▶ **Task prompt**: If an entry holds a picture, drop the picture and restate the rest word for word.

Items from a data source:

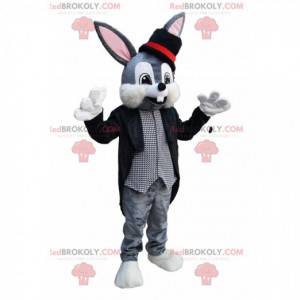 Mascotte de lapin gris avec un costume de magicien -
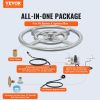 VEVOR Round Drop-in Fire Pit Pan 12 inch, Stainless Steel Fire Pit Burner Kit, Natural & Propane Gas Fire Pan with 92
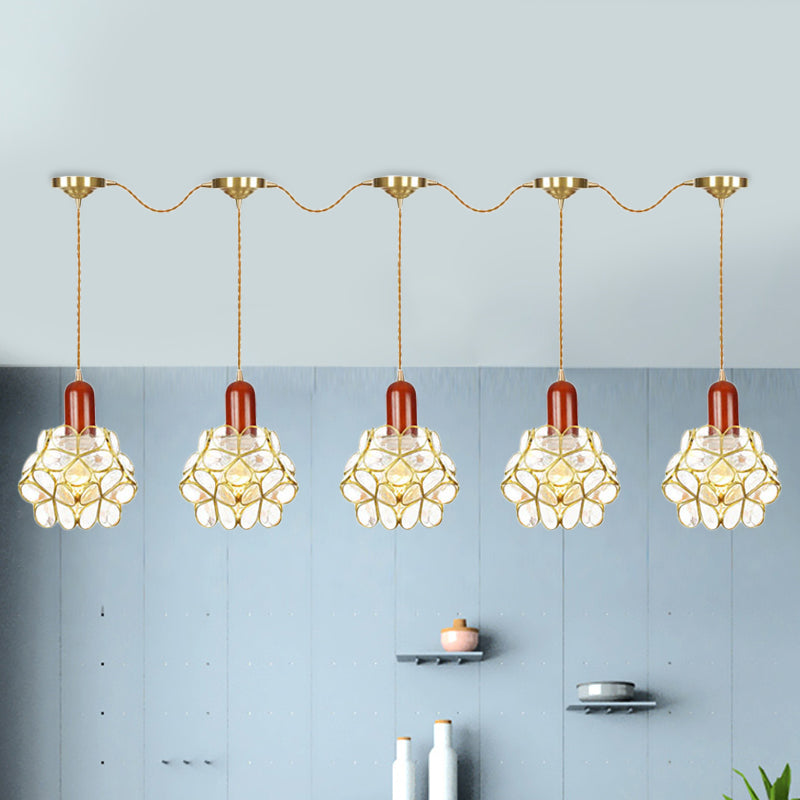 Metal Gold Cluster Pendant Light Floral 3/5/7 Heads Tradition Series Connection Hanging Ceiling Lamp 5 Gold Clearhalo 'Ceiling Lights' 'Close To Ceiling Lights' 'Glass shade' 'Glass' 'Pendant Lights' 'Pendants' Lighting' 727863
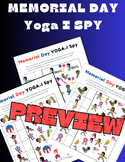 Memorial Day Yoga I Spy Movement Worksheets, OT, PT, Brain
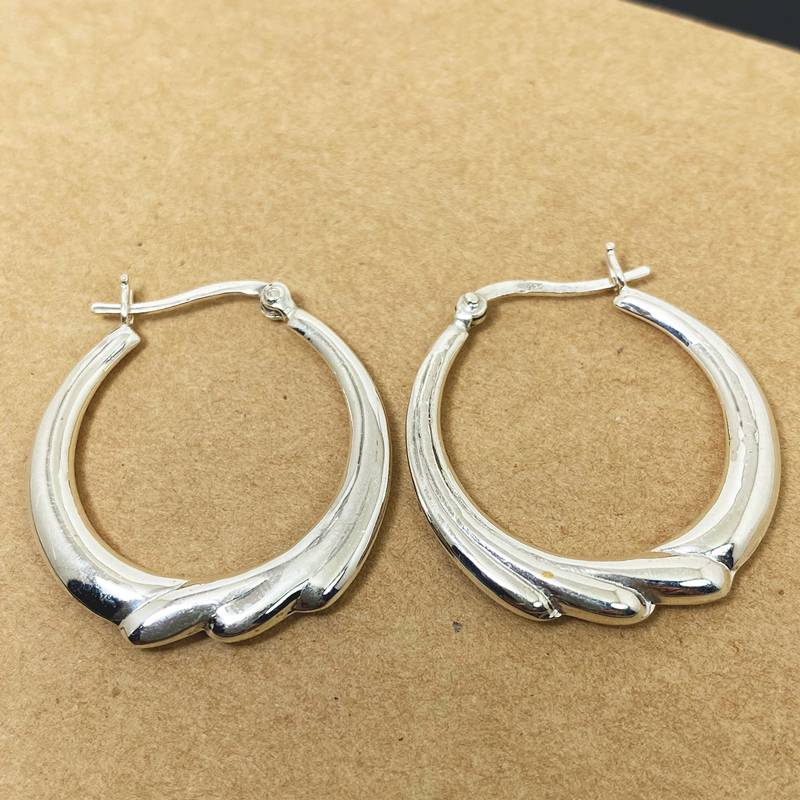 925 Sterling Silver Chunky Round Textured Hoops | Oval Puffy Hoop Earrings : TWP1161
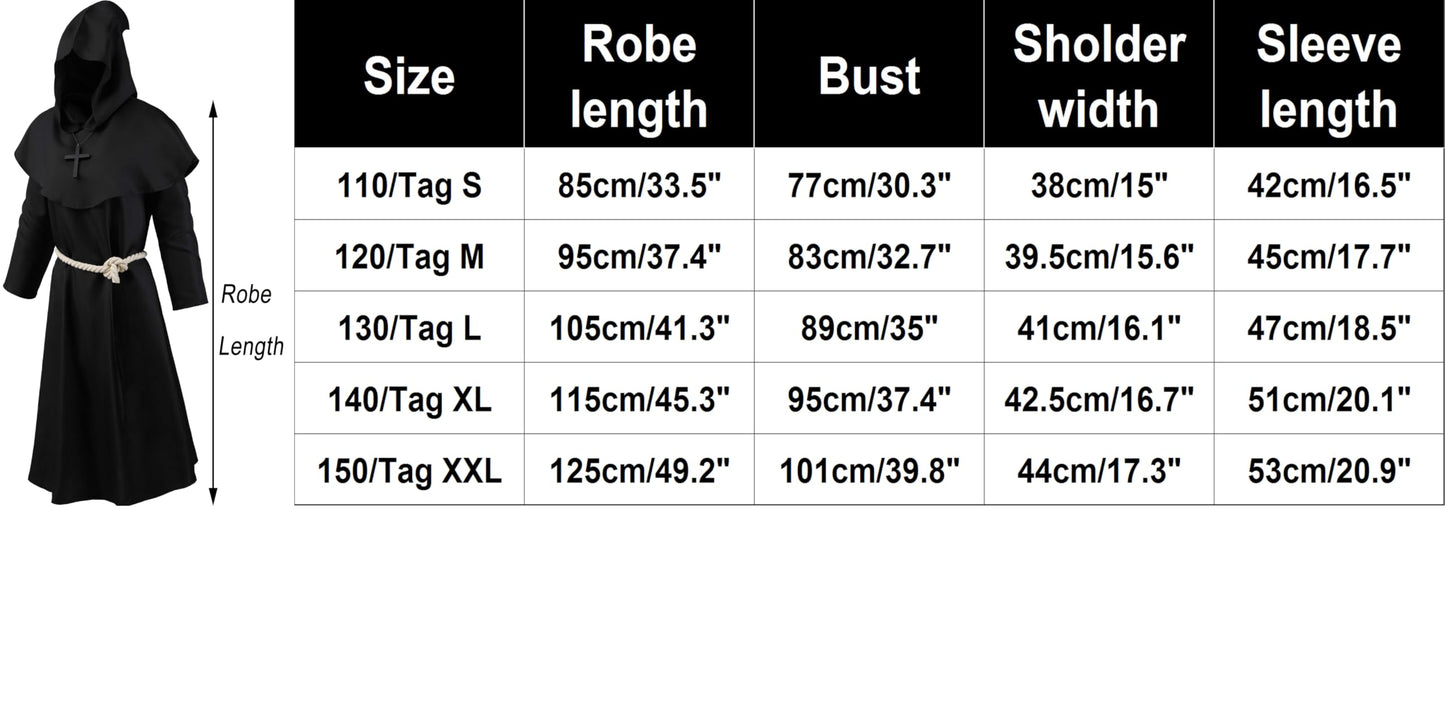 Kids Friar Medieval Hooded Monk Renaissance Priest Robe Cloak Halloween Costume for Kids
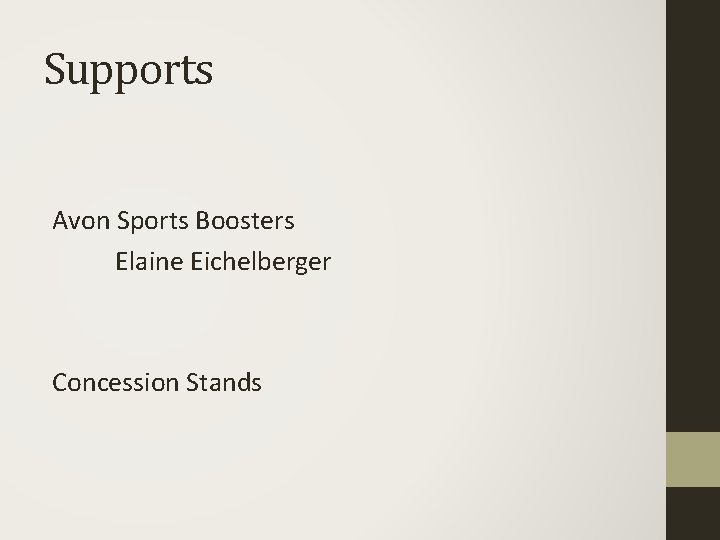 Supports Avon Sports Boosters Elaine Eichelberger Concession Stands 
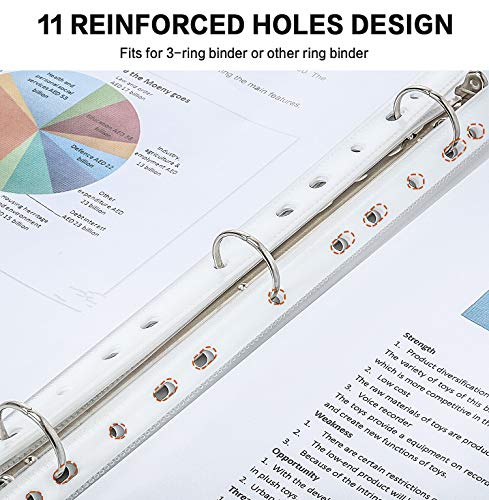 Sheet Protectors, PANDRI 300 Pack Clear Heavy Duty Plastic Page Protectors Sheet Reinforced 11-Hole Fit for 3 Ring Binder Fits Standard 8.5 x 11 Paper, 9.25 x 11.25 Top Loaded, Excluding Acid - size: 300 PACK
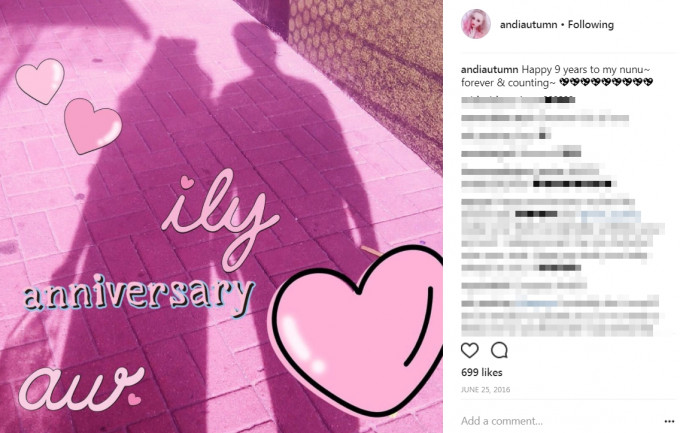 今年6月Andi曾在社交平台同男友慶祝9周年拍拖紀念日。（網圖）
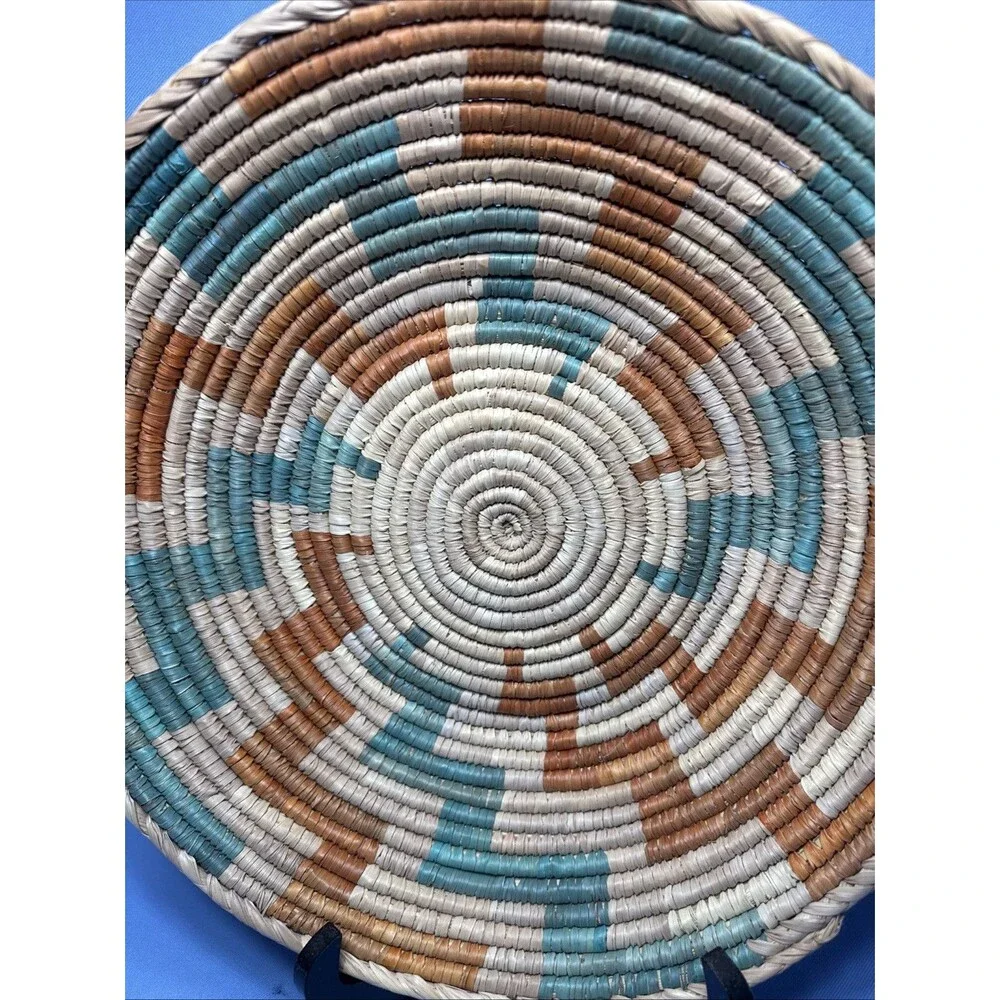 Coil Basket -Hand Woven Grass 15 inch- 3 Tone Wall Hanging or Table Decor
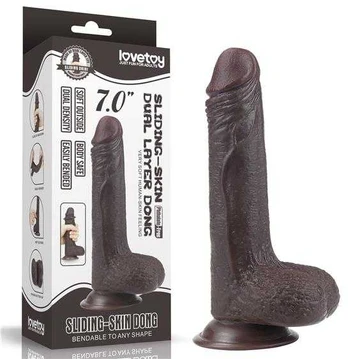 LOVETOY 7'' Sliding-Skin Dildo Coffee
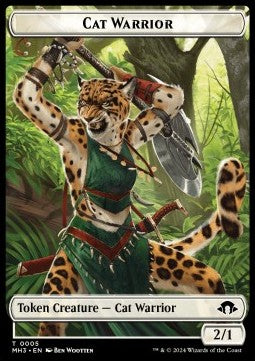 Cat Warrior Token (White 2/1)⁣ - Modern Horizons 3: Tokens⁣ (Token)⁣ [T05]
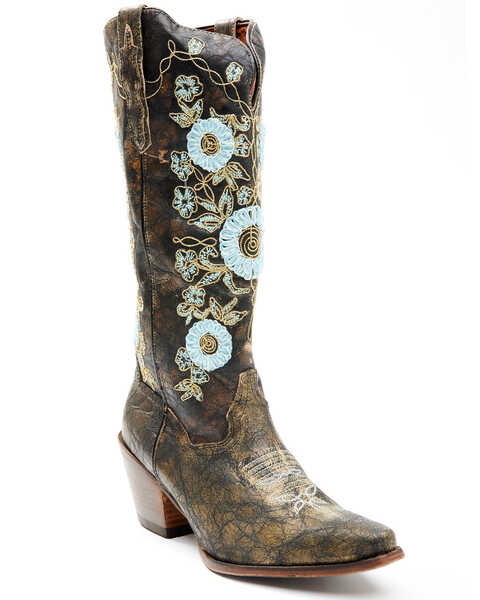 Image #1 - Dan Post Women's Flower Embroidery Western Boots - Snip Toe, , hi-res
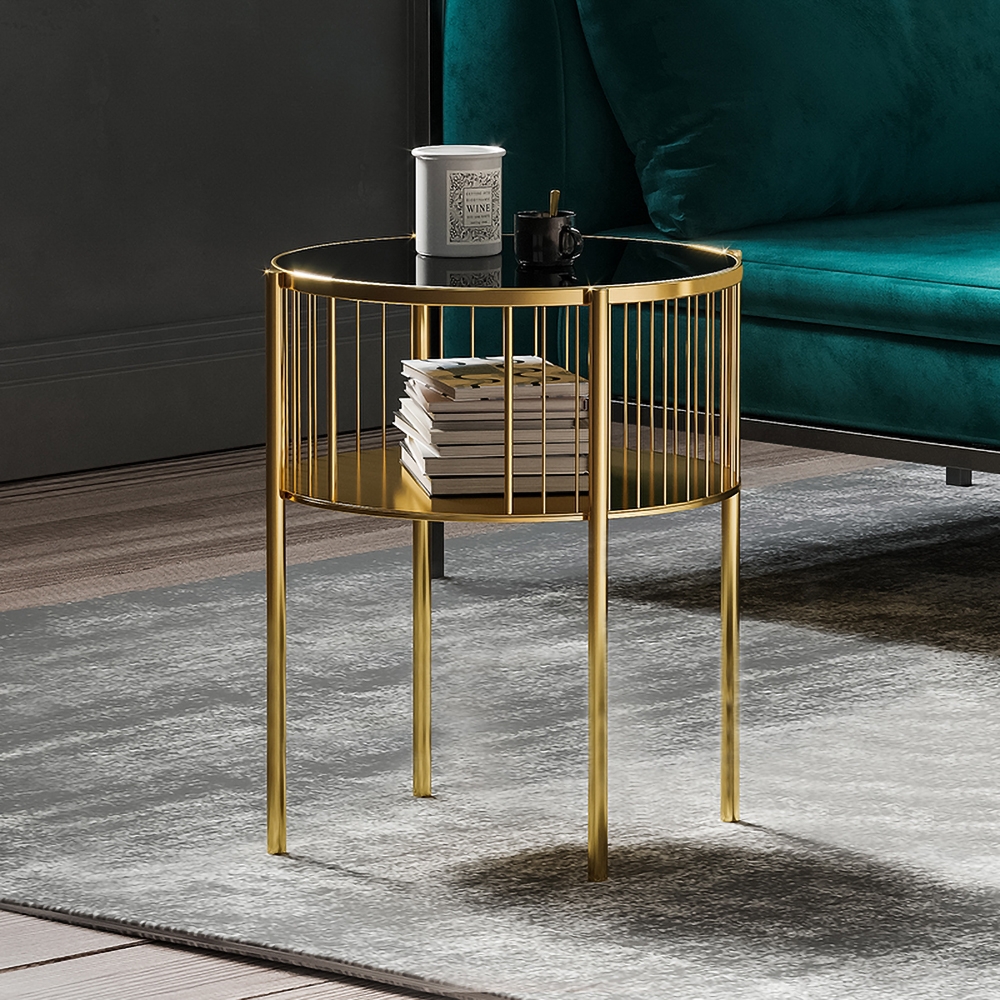 Black Round Coffee Table Set of 2 with Shelf Accent Table Metal in Gold window image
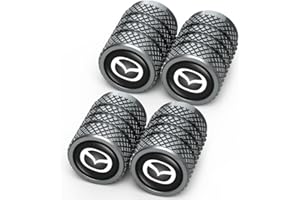 INTERTEST 4pcs Auto Ventilkappen Legiertes Ventilkappen mit Logo Auto Reifenventil Kappe Staubkappen Zubehör für Autoreifen Kompatibel mit Mazda M2 M3 M5 M6 MX5 RX7 RX8 A8 CX9 MX6 R3 CX-5 CX-7 CX-8 Serie,Black
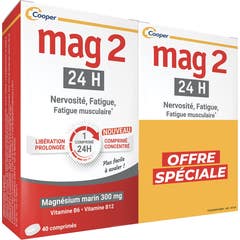 Mag2 24H Nerviosismo Fatiga Vitamina B6 B12 2x40comp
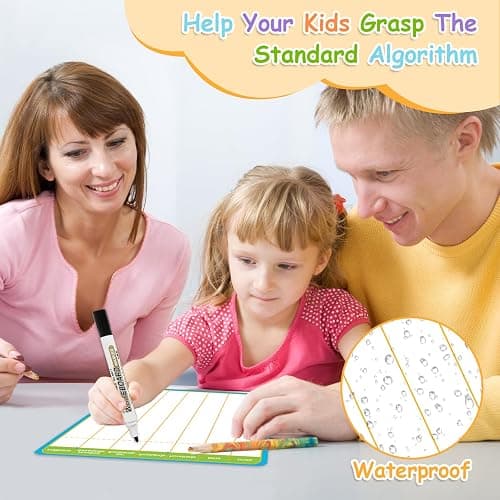 PraxiKidy 12 Pack Long Division Dry Erase Card Chart,12" x 9" Multiplication Flash Card Math Manipulative Small Whiteboard for Student Teacher 2ND 3RD 4TH Grade Classroom Homeschool Supplies Essential thumbnail 7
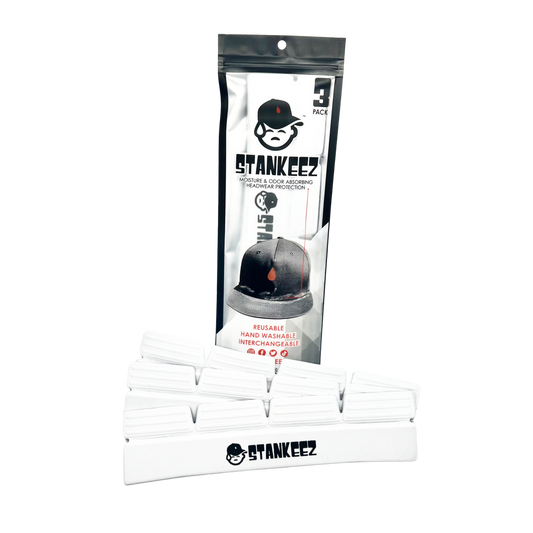 Set of 3 reusable white STANKEEZ no sweat hat liners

▶ **Response area**:
 Mascotte de lapin gris avec un costume de magicien -
 VEVOR Round Drop-in Fire Pit Pan 12 inch, Stainless Steel Fire Pit Burner Kit, Natural & Propane Gas Fire Pan with 92
 Metal Gold Cluster Pendant Light Floral 3/5/7 Heads Tradition Series Connection Hanging Ceiling Lamp 5 Gold Clearhalo 'Ceiling Lights' 'Close To Ceiling Lights' 'Glass shade' 'Glass' 'Pendant Lights' 'Pendants' Lighting' 727863
 Memorial Day Yoga I Spy Movement Worksheets, OT, PT, Brain
 925 Sterling Silver Chunky Round Textured Hoops | Oval Puffy Hoop Earrings : TWP1161
 Kids Friar Medieval Hooded Monk Renaissance Priest Robe Cloak Halloween Costume for Kids
 Supports Avon Sports Boosters Elaine Eichelberger Concession Stands 
 Sheet Protectors, PANDRI 300 Pack Clear Heavy Duty Plastic Page Protectors Sheet Reinforced 11-Hole Fit for 3 Ring Binder Fits Standard 8.5 x 11 Paper, 9.25 x 11.25 Top Loaded, Excluding Acid - size: 300 PACK
 今年6月Andi曾在社交平台同男友慶祝9周年拍拖紀念日。（網圖）
 Coil Basket -Hand Woven Grass 15 inch- 3 Tone Wall Hanging or Table Decor
 LOVETOY 7'' Sliding-Skin Dildo Coffee
 Cat Warrior Token (White 2/1)⁣ - Modern Horizons 3: Tokens⁣ (Token)⁣ [T05]
 Image #1 - Dan Post Women's Flower Embroidery Western Boots - Snip Toe, , hi-res
 Black Round Coffee Table Set of 2 with Shelf Accent Table Metal in Gold window image
 INTERTEST 4pcs Auto Ventilkappen Legiertes Ventilkappen mit Logo Auto Reifenventil Kappe Staubkappen Zubehör für Autoreifen Kompatibel mit Mazda M2 M3 M5 M6 MX5 RX7 RX8 A8 CX9 MX6 R3 CX-5 CX-7 CX-8 Serie,Black
 Mag2 24H Nerviosismo Fatiga Vitamina B6 B12 2x40comp
 PraxiKidy 12 Pack Long Division Dry Erase Card Chart,12" x 9" Multiplication Flash Card Math Manipulative Small Whiteboard for Student Teacher 2ND 3RD 4TH Grade Classroom Homeschool Supplies Essential thumbnail 7
 Set of 3 reusable white STANKEEZ no sweat hat liners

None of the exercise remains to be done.